→ **Task prompt**: Exactly as written, please set down all of the entries again, with no pictures.

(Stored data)
-- Opening Marker --

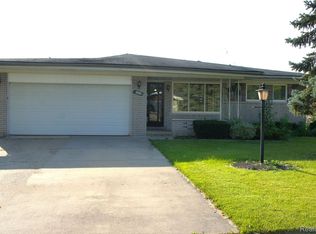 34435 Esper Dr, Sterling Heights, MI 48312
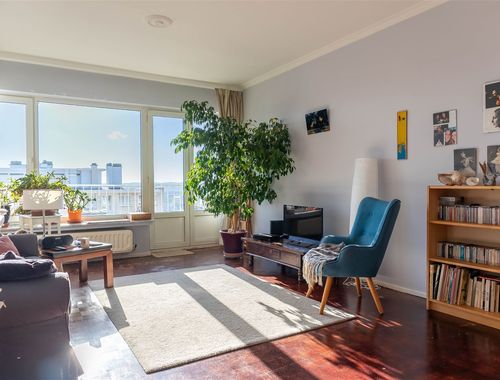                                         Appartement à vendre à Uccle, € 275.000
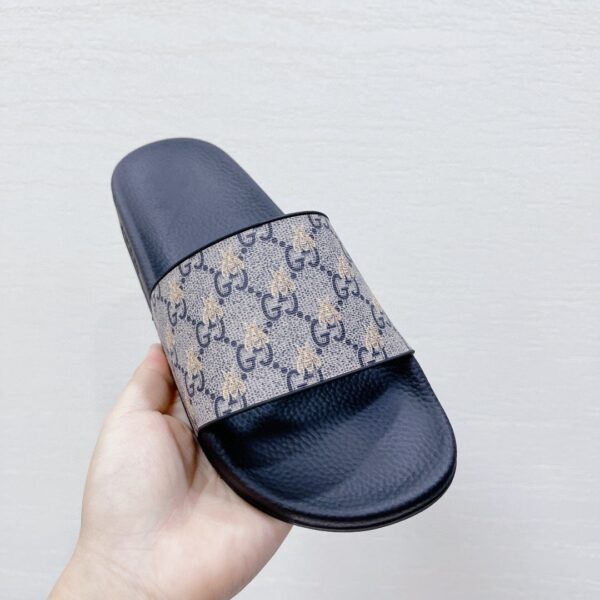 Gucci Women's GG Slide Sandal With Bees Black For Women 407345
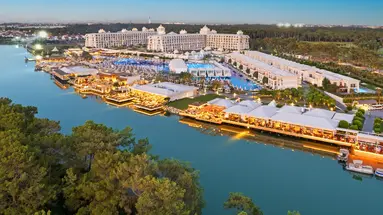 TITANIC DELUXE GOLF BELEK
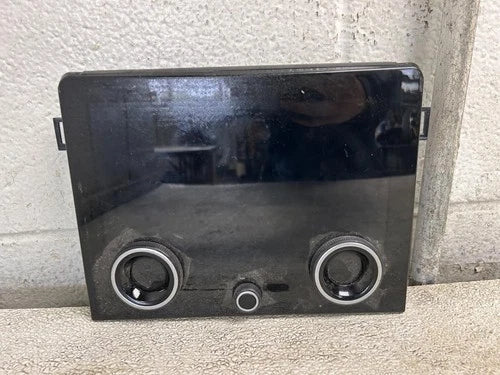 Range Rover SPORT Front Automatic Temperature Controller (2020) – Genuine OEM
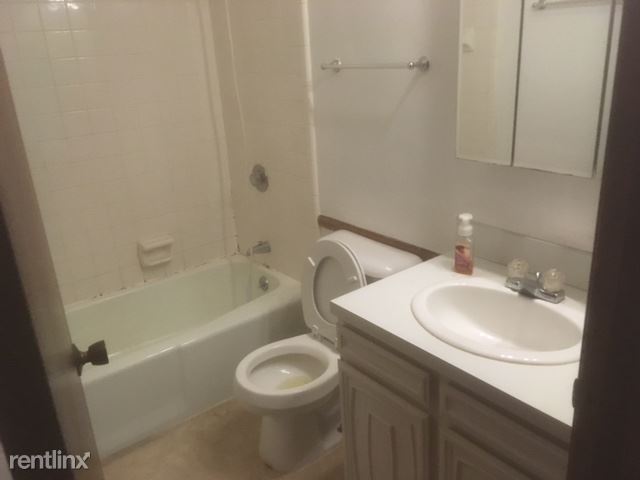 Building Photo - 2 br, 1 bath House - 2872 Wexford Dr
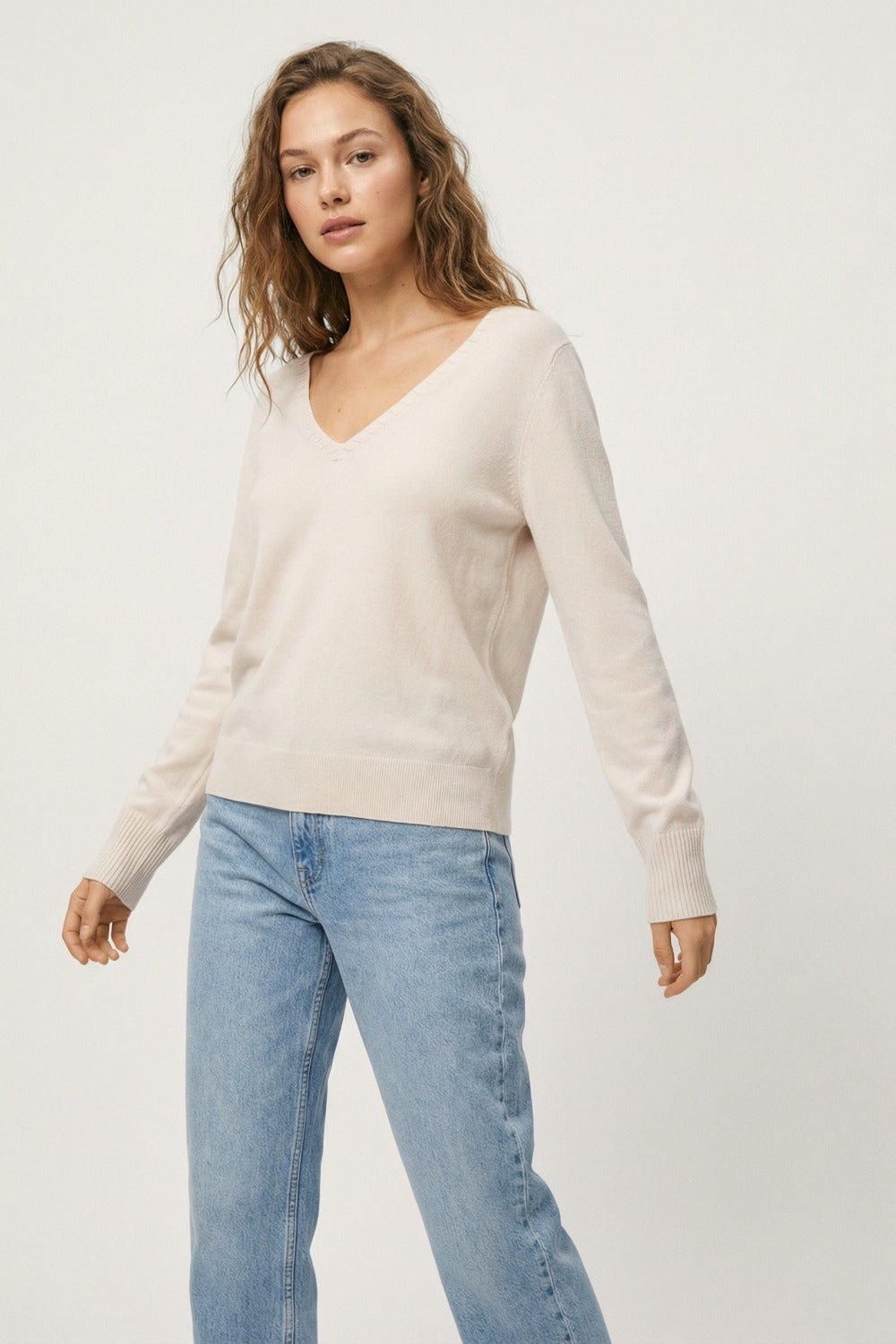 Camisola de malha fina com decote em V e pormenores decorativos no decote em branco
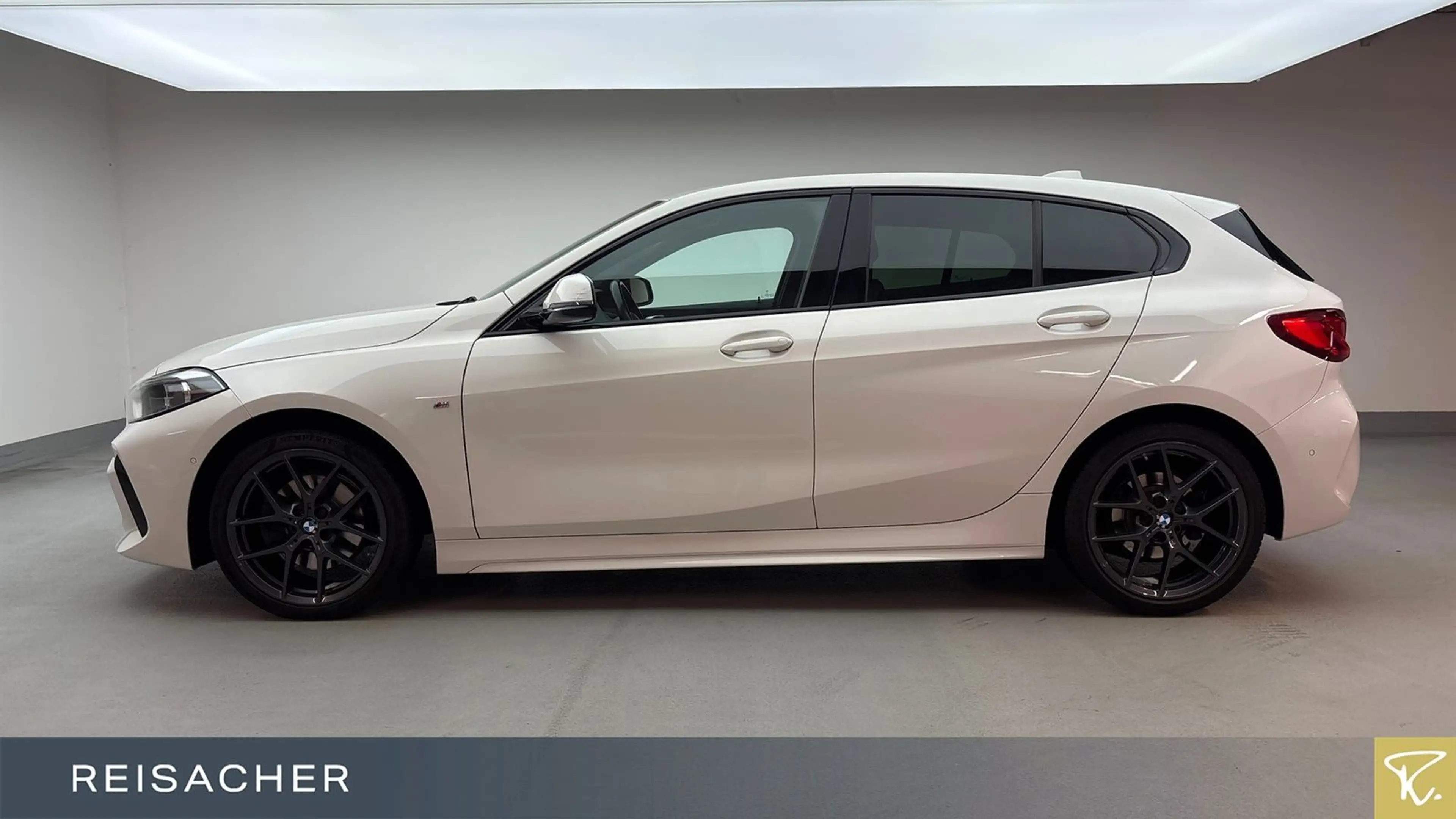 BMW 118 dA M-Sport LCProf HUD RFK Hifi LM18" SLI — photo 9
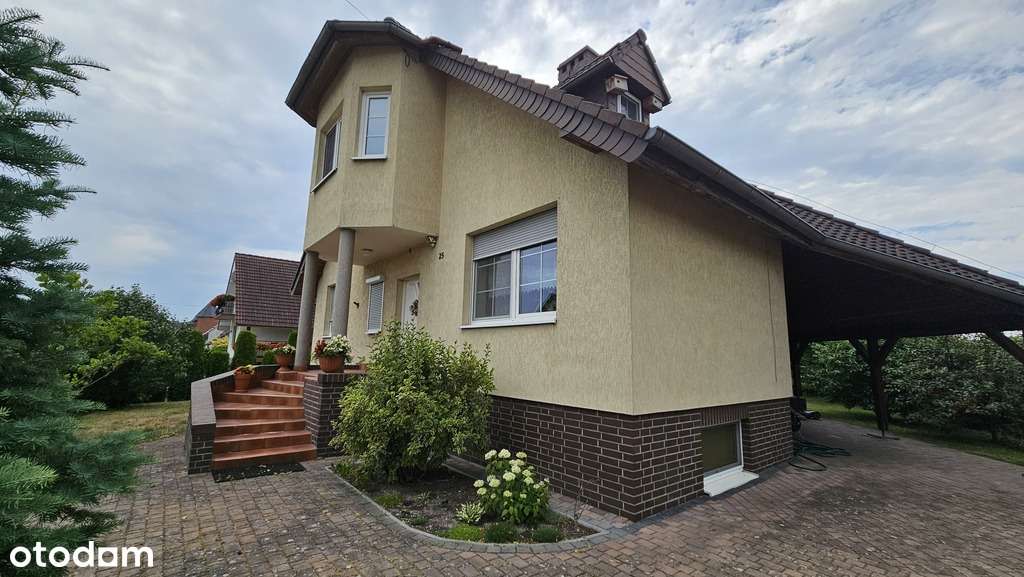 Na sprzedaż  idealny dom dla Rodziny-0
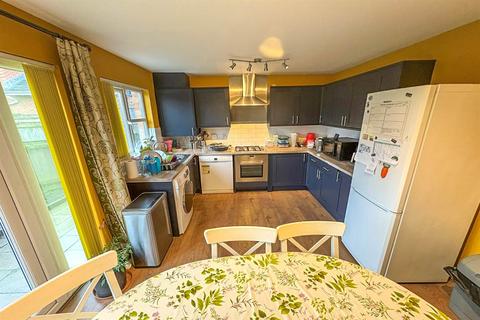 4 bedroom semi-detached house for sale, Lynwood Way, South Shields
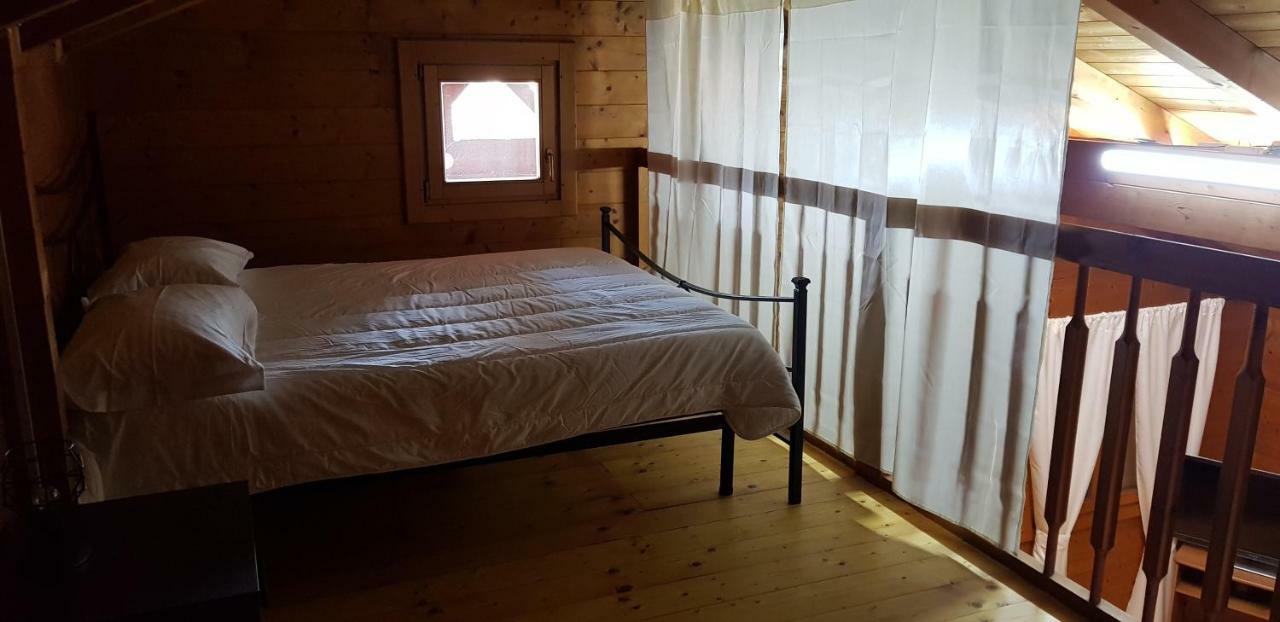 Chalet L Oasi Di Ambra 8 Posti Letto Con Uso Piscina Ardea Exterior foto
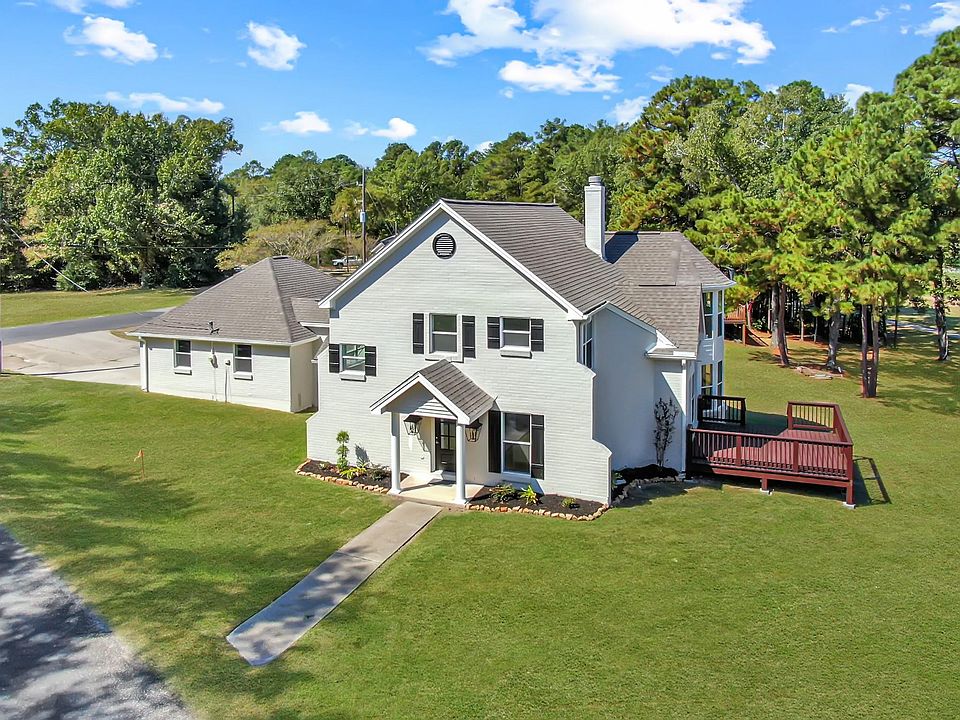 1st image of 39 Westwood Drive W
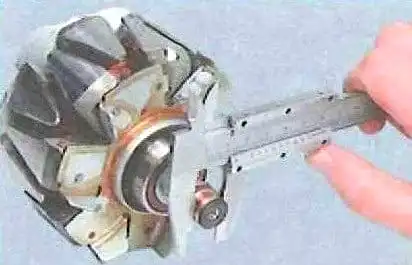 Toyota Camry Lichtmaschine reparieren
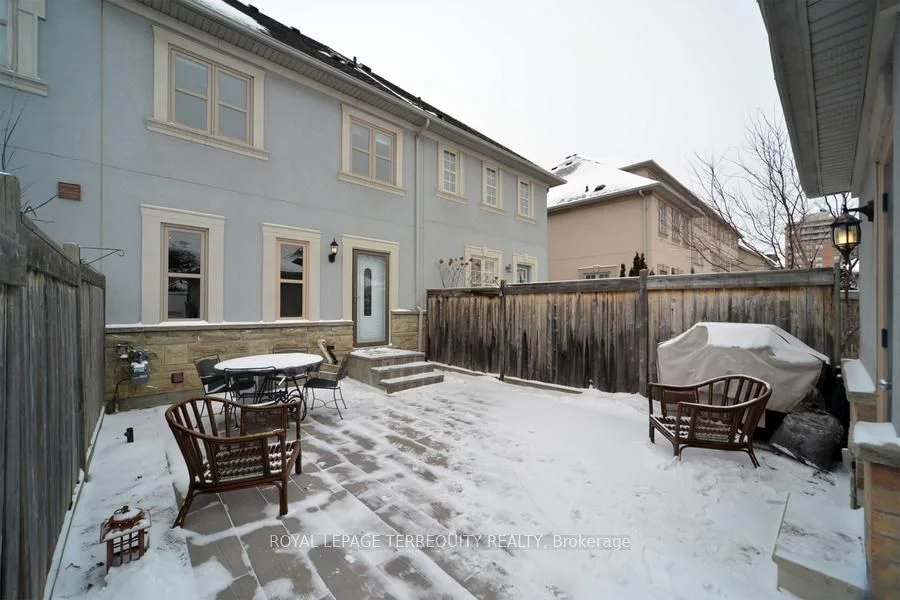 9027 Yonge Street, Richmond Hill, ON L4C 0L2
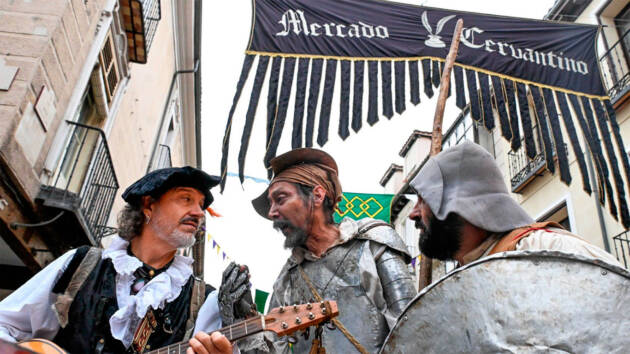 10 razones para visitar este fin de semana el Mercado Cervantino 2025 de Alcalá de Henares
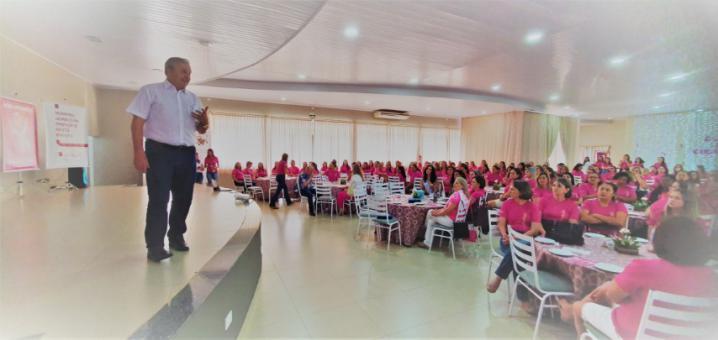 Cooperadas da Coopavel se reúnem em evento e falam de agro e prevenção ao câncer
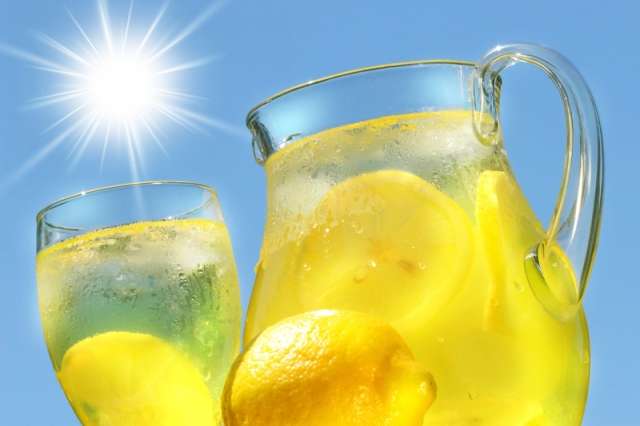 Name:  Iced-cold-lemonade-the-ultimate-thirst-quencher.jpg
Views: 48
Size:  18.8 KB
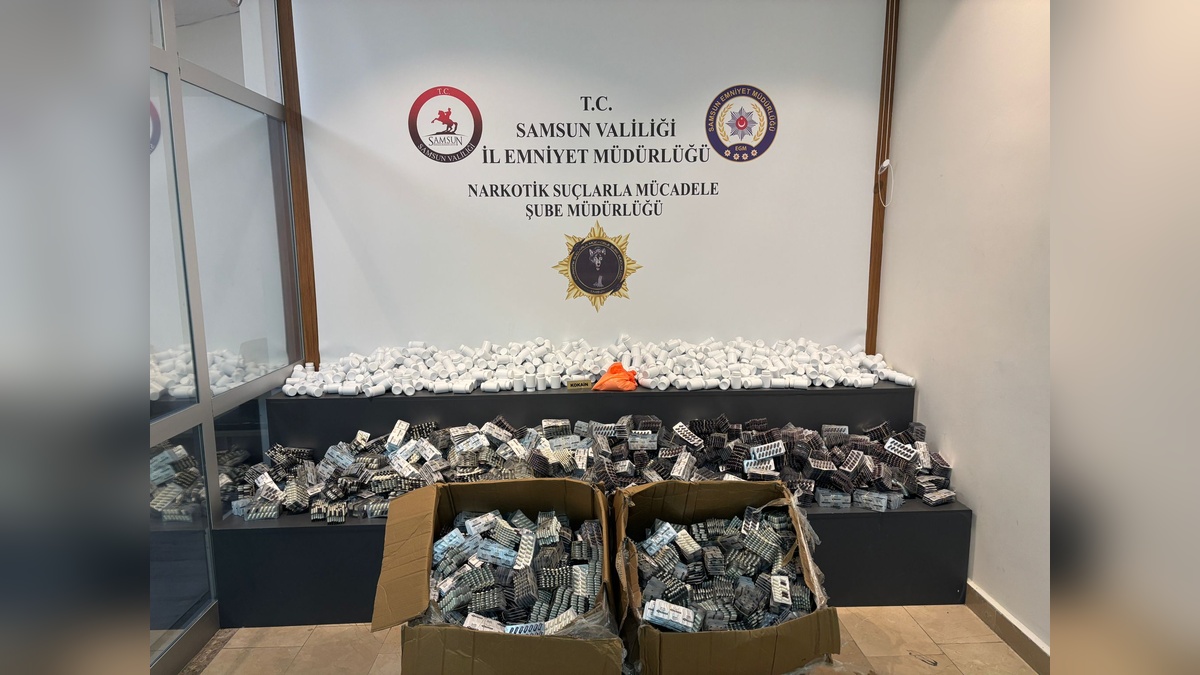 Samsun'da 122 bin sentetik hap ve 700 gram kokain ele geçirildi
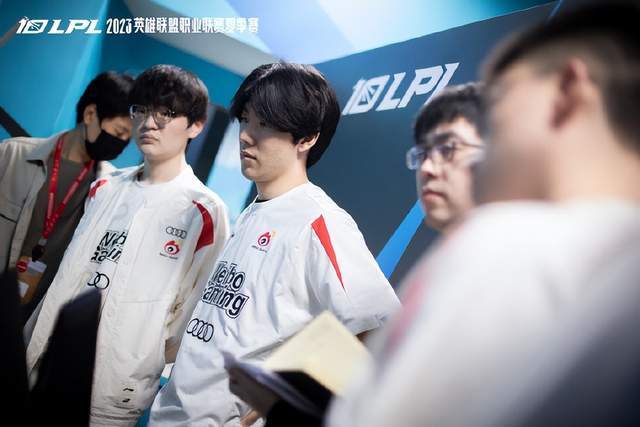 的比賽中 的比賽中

-- Closing Marker --

→ **Answer space**:
 34435 Esper Dr, Sterling Heights, MI 48312
                                         Appartement à vendre à Uccle, € 275.000
 Gucci Women's GG Slide Sandal With Bees Black For Women 407345
 TITANIC DELUXE GOLF BELEK
 Range Rover SPORT Front Automatic Temperature Controller (2020) – Genuine OEM
 Building Photo - 2 br, 1 bath House - 2872 Wexford Dr
 Camisola de malha fina com decote em V e pormenores decorativos no decote em branco
 BMW 118 dA M-Sport LCProf HUD RFK Hifi LM18" SLI — photo 9
 Na sprzedaż  idealny dom dla Rodziny-0
 4 bedroom semi-detached house for sale, Lynwood Way, South Shields
 Chalet L Oasi Di Ambra 8 Posti Letto Con Uso Piscina Ardea Exterior foto
 1st image of 39 Westwood Drive W
 Toyota Camry Lichtmaschine reparieren
 9027 Yonge Street, Richmond Hill, ON L4C 0L2
 10 razones para visitar este fin de semana el Mercado Cervantino 2025 de Alcalá de Henares
 Cooperadas da Coopavel se reúnem em evento e falam de agro e prevenção ao câncer
 Name:  Iced-cold-lemonade-the-ultimate-thirst-quencher.jpg
Views: 48
Size:  18.8 KB
 Samsun'da 122 bin sentetik hap ve 700 gram kokain ele geçirildi
 的比賽中 的比賽中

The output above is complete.